Does RFK’s alleged killer need to be released on parole?
Published 5:17 pm Friday, October 29, 2021
To the Editor:
On August 27, 2021, a California parole board recommended Sirhan Sirhan for parole. Members of the Robert F. Kennedy family differ on whether to support releasing Sirhan on parole after his involvement with RFK’s assassination in June 1968.
Robert Kennedy, Jr. and Douglas Kennedy do not believe that Sirhan fired the fatal shot that felled their father shortly after he had won the Democratic Party’s presidential primaries in South Dakota and California. Contrariwise, Rory Kennedy, born six months after her father’s assassination in Los Angeles, recently posted a social media statement opposing the parole recommendation.
The aforesaid statement was signed by Rory Kennedy, Joseph P. Kennedy II, Courtney Kennedy, Kerry Kennedy, Christopher G. Kennedy, and Maxwell T. Kennedy. The statement posits, “As children of Robert F. Kennedy, we are devastated that the man who murdered our father has been recommended for parole. Our father’s death is a very difficult matter for us to discuss publicly and for the past many decades we have declined to engage directly in the parole process. “Given today’s unexpected recommendation by the California parole board after 15 previous decisions to deny release, we feel compelled to make our position clear. We adamantly oppose the parole and release of Sirhan Sirhan and are shocked by a ruling that we believe ignores the standards for parole of a confessed, first-degree murderer in the state of California.”
The parole board was satisfied that Sirhan has shown remorse. Interestingly, Sirhan claimed he does not remember firing at RFK. It may be wise to leave him behind bars until the facts of June 5 are brought back to his remembrance. Sirhan, according to Rory, cannot show remorse until he accepts responsibility for his role in the assassination. This is a valid argument. Why does Sirhan have a selective memory in this matter?
Per an autopsy report, RFK was shot from behind at point-blank range. This fueled speculation about a second gunman. Witnesses claimed Sirhan approached Senator Kennedy from the front. The fatal shot entered Kennedy’s head from behind the right ear. Additionally, Sirhan’s .22 caliber revolver carried a maximum of eight bullets.

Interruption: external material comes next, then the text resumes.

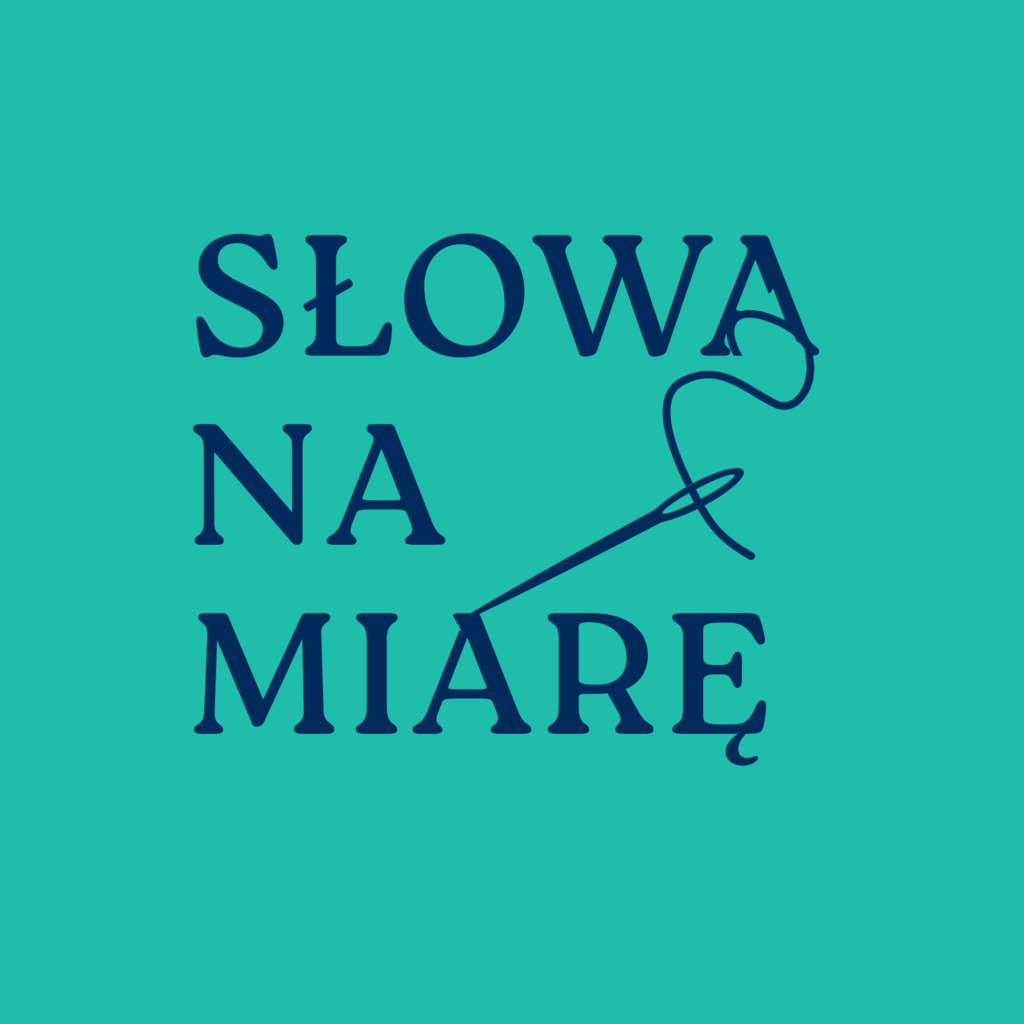 korekta-tresci-slowanamiare-logo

Yet, an audiotape of the shooting indicated that up to thirteen shots were fired, according to electrical engineer Philip Van Praag.
RFK, Jr. articulated, “You can’t fire thirteen shots out of an eight-shot gun.”
Thane Eugene Cesar, who worked for Ace Guard Service and stood behind RFK on that fateful day, asserted that he drew a Rohm .38 gun, not a .22, the caliber of bullets found in RFK’s body. However, Cesar later admitted he had owned a .22 caliber Harrington & Richardson pistol. Interestingly, the LAPD never asked to see Thane’s pistol. Moreover, Cesar reportedly said he sold his .22 caliber pistol to a Jim Yoder three months prior to the 1968 assassination.
Yoder was interviewed by a William Turner in 1972. Yoder still had the purchase receipt bearing Cesar’s name from 1968. The receipt showed a purchase date of September 1968, which contradicted Cesar’s claim.